I have mentioned before that my father is a Holocaust survivor, and in this post I wanted to recognize some outstanding pro bono legal work performed on my father’s behalf in applying for and obtaining pension benefits from the German government. In particular, I want to recognize two lawyers for their tireless efforts: Phyllis Brochstein at the NYLAG’s Holocaust Compensation Assistance Project and Konstantin Hoppe of Weil Gotshal.

Under a German law enacted in 1997, and expanded in 2002, Holocaust survivors who were in the ghettos before the ghettos were liquidated are entitled to pensions from the German government for their “voluntary” work performed for the Nazis. At the time, able-bodied men in the ghetto could agree to perform manual day labor outside the ghetto for the Third Reich in exchange for benefits such as food. My father, then a teenager, was one of the people who did this work when he was in the Vilna ghetto from 1941-1943.

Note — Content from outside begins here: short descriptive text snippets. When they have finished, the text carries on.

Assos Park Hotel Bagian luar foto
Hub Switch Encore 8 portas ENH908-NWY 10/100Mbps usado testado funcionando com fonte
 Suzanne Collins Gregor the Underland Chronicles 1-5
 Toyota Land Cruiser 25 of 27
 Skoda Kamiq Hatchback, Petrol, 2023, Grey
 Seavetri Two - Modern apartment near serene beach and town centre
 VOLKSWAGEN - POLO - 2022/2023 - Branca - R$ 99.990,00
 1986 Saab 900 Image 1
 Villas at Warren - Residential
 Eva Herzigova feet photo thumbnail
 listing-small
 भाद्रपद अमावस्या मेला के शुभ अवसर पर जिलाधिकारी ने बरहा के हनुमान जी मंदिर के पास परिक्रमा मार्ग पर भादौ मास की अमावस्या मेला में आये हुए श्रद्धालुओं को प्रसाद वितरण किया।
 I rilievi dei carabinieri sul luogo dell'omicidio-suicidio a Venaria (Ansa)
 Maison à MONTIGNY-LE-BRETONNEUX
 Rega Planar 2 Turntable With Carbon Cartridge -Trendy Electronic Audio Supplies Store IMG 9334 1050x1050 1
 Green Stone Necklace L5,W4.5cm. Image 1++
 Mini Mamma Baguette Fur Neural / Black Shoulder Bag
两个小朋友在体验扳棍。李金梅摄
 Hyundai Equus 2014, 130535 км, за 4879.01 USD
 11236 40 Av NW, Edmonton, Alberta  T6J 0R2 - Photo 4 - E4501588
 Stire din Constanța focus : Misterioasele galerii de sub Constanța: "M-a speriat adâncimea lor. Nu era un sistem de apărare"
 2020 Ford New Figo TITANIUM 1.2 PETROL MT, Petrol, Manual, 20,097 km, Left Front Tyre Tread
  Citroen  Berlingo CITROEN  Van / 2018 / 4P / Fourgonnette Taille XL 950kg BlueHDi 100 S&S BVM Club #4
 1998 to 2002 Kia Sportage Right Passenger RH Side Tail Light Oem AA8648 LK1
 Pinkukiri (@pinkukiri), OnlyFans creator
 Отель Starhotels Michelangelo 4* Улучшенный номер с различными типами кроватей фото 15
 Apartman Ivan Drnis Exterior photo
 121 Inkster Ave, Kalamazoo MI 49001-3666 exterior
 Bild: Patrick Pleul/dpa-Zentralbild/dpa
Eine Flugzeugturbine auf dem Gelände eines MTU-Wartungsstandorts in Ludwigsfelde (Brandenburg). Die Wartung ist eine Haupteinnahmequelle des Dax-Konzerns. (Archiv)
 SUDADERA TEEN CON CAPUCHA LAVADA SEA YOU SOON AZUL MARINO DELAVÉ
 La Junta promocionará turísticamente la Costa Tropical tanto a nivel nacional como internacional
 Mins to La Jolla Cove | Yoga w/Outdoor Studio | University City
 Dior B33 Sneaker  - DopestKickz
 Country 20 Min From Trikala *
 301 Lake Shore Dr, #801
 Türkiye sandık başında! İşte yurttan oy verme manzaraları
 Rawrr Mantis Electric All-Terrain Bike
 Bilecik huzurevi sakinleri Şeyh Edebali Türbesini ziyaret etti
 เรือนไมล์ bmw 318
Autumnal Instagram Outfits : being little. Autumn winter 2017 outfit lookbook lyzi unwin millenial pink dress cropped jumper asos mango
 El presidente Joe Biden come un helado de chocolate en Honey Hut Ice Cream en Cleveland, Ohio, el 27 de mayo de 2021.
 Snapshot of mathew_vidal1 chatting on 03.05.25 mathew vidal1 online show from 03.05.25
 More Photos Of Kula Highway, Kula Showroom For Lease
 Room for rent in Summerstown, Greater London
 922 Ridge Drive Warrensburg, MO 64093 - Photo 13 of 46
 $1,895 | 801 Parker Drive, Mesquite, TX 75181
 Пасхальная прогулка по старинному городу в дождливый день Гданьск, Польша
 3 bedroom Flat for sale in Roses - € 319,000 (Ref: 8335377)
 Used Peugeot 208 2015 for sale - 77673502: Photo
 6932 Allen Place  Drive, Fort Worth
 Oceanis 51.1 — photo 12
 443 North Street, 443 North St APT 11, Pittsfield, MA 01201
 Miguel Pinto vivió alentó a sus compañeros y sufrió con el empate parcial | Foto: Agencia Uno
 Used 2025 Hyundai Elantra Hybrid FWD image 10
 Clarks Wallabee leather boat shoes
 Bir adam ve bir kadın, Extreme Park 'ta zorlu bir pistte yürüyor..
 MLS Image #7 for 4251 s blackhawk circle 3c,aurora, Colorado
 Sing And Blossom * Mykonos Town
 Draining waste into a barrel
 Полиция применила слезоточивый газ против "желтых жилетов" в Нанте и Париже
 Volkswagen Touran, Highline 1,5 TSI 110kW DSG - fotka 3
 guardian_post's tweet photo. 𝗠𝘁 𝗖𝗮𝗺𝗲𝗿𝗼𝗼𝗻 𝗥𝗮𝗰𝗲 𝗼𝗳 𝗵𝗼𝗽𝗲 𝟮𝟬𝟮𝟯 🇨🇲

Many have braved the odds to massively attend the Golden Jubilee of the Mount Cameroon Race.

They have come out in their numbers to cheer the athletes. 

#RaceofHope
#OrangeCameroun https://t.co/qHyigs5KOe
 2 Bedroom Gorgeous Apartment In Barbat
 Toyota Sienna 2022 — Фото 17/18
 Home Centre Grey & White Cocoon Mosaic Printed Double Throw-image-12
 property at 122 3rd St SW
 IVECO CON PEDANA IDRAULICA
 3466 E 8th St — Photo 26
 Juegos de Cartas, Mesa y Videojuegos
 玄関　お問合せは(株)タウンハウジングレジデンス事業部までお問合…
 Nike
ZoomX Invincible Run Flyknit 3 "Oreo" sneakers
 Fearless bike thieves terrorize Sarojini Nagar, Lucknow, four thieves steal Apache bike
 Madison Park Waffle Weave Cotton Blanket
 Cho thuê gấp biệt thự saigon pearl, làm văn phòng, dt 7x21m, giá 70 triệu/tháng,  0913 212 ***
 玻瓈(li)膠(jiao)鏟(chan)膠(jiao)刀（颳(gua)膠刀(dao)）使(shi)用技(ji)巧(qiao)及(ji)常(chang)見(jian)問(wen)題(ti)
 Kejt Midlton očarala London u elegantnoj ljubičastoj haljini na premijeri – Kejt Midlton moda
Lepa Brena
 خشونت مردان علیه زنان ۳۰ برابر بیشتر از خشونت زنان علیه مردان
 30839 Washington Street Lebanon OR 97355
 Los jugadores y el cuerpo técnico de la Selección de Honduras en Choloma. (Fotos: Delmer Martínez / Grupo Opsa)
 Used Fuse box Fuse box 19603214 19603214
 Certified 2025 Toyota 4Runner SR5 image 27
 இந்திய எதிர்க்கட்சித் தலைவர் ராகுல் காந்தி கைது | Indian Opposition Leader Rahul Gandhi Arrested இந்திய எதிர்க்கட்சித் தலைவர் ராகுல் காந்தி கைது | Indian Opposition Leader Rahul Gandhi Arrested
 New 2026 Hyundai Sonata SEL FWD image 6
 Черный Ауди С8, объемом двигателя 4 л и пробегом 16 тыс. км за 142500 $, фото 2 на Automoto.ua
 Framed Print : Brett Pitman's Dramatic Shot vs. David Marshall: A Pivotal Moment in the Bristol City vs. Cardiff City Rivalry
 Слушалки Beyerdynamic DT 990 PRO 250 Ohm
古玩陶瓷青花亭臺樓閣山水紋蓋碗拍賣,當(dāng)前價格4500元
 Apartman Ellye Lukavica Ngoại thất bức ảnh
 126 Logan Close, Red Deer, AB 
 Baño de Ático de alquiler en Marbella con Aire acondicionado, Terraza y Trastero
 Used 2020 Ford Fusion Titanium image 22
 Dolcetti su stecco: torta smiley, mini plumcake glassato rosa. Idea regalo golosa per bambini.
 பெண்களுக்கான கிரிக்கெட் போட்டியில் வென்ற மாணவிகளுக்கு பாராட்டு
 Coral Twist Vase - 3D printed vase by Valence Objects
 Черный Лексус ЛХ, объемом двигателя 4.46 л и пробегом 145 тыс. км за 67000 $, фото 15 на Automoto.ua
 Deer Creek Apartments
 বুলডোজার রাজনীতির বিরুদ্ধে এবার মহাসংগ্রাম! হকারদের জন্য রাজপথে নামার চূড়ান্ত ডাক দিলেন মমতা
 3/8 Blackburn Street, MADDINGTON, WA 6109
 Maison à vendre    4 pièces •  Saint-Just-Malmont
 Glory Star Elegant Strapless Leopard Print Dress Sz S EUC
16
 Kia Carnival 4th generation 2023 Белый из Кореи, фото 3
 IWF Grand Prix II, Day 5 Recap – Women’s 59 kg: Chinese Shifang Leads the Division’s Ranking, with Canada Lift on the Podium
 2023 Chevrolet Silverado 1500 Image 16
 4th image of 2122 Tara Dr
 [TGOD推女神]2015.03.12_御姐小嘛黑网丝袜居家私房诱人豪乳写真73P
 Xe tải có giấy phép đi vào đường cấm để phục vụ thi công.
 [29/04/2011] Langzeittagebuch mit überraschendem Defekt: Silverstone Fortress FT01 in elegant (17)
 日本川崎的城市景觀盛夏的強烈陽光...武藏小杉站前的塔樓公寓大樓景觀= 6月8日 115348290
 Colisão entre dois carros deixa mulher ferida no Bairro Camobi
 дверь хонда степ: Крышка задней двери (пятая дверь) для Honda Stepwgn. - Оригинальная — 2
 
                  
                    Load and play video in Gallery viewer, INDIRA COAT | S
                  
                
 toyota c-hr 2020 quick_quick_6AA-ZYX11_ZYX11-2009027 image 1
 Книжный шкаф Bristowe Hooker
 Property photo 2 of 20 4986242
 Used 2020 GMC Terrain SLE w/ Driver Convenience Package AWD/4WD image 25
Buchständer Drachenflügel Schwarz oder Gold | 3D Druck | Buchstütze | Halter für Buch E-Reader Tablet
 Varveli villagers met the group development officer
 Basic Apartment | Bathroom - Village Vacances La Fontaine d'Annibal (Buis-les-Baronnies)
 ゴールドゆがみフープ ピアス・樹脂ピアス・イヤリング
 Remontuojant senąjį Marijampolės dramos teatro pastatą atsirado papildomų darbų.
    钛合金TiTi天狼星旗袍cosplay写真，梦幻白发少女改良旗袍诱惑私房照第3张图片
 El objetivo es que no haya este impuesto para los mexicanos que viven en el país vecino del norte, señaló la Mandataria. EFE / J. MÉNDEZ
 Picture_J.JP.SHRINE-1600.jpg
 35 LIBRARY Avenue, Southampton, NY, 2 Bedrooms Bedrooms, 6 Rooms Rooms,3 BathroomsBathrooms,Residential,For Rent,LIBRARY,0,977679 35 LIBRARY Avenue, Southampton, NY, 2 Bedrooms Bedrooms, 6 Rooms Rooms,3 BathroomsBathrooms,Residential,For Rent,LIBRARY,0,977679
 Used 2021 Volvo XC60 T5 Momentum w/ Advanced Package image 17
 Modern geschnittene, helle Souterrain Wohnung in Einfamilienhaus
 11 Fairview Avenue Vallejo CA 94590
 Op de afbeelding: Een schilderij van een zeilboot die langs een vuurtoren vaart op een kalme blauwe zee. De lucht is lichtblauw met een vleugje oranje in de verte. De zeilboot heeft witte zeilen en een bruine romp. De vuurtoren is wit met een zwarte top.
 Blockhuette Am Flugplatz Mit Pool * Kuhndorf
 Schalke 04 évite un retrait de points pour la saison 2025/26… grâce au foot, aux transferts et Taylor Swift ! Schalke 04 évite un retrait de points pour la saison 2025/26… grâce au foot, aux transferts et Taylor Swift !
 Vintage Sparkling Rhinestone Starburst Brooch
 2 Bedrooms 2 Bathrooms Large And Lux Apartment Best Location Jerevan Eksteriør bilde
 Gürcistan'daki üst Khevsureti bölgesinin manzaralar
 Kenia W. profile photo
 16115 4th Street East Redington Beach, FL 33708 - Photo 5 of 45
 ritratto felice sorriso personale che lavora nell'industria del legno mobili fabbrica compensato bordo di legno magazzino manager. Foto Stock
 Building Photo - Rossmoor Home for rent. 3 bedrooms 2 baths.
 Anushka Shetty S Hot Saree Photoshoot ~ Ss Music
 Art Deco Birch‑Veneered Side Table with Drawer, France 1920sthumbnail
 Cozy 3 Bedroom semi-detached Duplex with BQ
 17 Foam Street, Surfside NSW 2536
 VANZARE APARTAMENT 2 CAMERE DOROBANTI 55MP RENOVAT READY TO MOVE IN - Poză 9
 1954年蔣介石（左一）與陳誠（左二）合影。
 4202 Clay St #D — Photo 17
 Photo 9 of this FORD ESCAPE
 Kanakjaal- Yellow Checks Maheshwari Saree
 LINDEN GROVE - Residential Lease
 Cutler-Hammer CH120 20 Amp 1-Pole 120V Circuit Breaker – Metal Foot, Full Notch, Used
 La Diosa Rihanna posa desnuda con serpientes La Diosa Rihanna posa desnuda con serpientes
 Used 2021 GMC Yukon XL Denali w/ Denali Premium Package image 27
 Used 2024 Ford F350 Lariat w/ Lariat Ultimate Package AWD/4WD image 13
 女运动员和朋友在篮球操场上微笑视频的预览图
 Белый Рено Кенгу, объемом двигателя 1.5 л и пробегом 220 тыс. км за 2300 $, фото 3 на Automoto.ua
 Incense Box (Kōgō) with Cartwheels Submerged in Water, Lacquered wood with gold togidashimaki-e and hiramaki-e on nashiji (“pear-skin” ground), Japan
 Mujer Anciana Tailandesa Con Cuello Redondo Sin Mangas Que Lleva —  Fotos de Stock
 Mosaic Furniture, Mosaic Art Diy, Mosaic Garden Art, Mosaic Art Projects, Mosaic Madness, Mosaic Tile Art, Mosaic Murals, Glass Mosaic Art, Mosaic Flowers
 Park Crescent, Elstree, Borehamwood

Although the German government expanded the law in 2002, most of the claims applications from survivors initially were denied, including my father’s. As I understand it, my father’s application was typical among those initially denied: the magistrate ruled that there was insufficient evidence that the work my father performed was “voluntary” rather than “forced.” (Because the new law expanded a pension statute designed to provide pensions for employees of the German government, it could not apply to forced laborers, and the initial ruling was that my father’s labor was forced, not voluntary.) Earlier this year, however, the German Federal Social Court issued a new ruling that took a broader view of such terms as “voluntary,” and thus overturned many of the earlier denials of the applications. With the benefit of the new court ruling, my father became eligible for the pension.

Ms. Brochstein of NYLAG and Mr. Hoppe of Weil Gotshal’s Munich office served as my father’s pro bono lawyers during the long road to obtaining these benefits, and I wanted to thank them publicly for their effort. It meant a lot to my dad.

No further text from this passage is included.